Quanto al senso della letteratura fantastica oggi, io credo – al di là di ciò che amiamo e che ci ha appassionati – che si stia tornando a una sorta di post-materialismo, nel senso che il realismo sta mostrando la corda rispetto alla propria capacità di raccontare il mondo che ci circonda. Penso alle parole di William Gibson, che ho recentemente intervistato: io mi sono messo a fare distopia per fare del realismo. Anche le declinazioni più “alte” dello “strano” sembrano voler soddisfare tale esigenza. Questa cosa è molto vera, è quanto diceva Borges: a volte per parlare dell’indicibile, di quanto non abbiamo ancora completamente afferrato e magari non afferreremo mai, occorrono emblemi. Ecco, un mondo di enorme complessità come il nostro il realismo mostra la corda non perché siano arrivati i draghi o la psicostoria, ma perché prendere un solo frammento non solo non dà più l’idea del tutto, ma rischia di non essere neanche coerente a sé, come lo poteva essere, mettiamo, il contesto sociale raccontato da un Tolstoj. Lo dimostra il fatto che già ai tempi del modernismo per cercare di fare una cosa che davvero “la dicesse tutta”, Proust ha dovuto fare sette libri, Joyce ha dovuto fare un libro totalmente esploso con una quantità impressionante di voci e di rumori di fondo, e Kafka ha dovuto ricorrere a dispositivi fantastici, questo perché la società stava già sfuggendo di mano, il mondo stava già diventando sovracomplesso allora, figurarsi oggi. Nuovamente, il fantastico e l’immaginario potrebbero essere gli strumenti per abbracciare una narrazione più ampia.

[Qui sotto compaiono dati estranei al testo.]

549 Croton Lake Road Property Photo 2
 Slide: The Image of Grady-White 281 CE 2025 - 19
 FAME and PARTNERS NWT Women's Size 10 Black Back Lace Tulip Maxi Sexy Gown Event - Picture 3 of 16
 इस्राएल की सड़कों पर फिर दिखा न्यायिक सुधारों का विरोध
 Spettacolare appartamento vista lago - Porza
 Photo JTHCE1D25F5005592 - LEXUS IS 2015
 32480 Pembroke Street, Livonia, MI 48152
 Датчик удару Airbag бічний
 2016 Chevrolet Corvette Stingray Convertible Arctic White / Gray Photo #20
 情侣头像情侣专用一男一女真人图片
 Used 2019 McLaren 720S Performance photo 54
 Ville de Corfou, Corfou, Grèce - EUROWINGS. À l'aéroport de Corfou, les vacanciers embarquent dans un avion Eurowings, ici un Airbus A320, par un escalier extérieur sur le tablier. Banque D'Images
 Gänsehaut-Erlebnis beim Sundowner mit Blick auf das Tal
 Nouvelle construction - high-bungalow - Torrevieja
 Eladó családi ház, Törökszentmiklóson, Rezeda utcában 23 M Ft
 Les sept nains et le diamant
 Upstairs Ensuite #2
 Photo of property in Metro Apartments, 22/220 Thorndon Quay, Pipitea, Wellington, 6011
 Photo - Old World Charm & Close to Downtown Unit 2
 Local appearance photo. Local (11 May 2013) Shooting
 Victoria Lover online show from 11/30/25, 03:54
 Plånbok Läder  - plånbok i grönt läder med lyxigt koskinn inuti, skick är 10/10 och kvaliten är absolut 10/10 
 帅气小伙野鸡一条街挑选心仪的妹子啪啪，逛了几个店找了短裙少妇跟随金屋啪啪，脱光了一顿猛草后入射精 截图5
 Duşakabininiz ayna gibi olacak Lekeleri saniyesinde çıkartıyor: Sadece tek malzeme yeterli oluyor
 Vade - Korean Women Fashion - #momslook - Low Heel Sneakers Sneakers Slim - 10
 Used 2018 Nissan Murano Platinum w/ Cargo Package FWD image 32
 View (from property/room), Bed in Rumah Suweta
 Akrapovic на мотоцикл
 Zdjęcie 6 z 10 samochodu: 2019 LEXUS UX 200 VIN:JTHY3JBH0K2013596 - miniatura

Un’ultima domanda, qual è secondo te il futuro della letteratura?
La domanda è – ovviamente – molto complessa. Il futuro a lungo termine non si può prevedere. Certamente io non credo certo alla vulgata ciclicamente riproposta della morte del romanzo o della fine del libro, queste sono tutte cazzate. Il romanzo non è mai stato tanto bene, se non forse nell’800, gode di ottima salute, anzi, è egemone, il fatto che i libri che vanno bene vendano diecimila copie invece che centomila (dividi per cinque per le medie case editrici e dieci per le piccole) è un effetto della “coda lunga” e del cambiamento del mercato, ma anche qui, siamo sicuri che non fosse una bolla quella vissuta dall’editoria fino a qualche anno fa? Sappiamo bene che in passato sono stati scritti capolavori che all’inizio hanno venduto qualche centinaio di copie, e ancora prima si scrivevano capolavori senza che neanche esistesse l’editoria. Anche qui non bisogna fraintendere lo stato della letteratura con le mutazioni del mercato. Il romanzo c’è e sta bene. Cosa si farà sul lungo periodo non si può dire; nel breve vedo, col post-materialismo, un inevitabile ritorno delle metafisiche, autori come Volodine o Cărtărescu o Krasznahorkai o Gospodinov stiano ponendosi di nuovo il problema di come esprimere la metafisica (non sono in narrativa: basti pensare a fumetti come quelli di Jim Woodring o Jesse Jacobs, che vanno nella stessa direzione), credo che questo si ricolleghi a un discorso sui generi e vada anche oltre: si assiste per esempio a una riscoperta dei testi sacri, naturalmente da usare non con devozione ma – utilizzo volutamente un termine mutuato dai GdR – come “sourcebook”.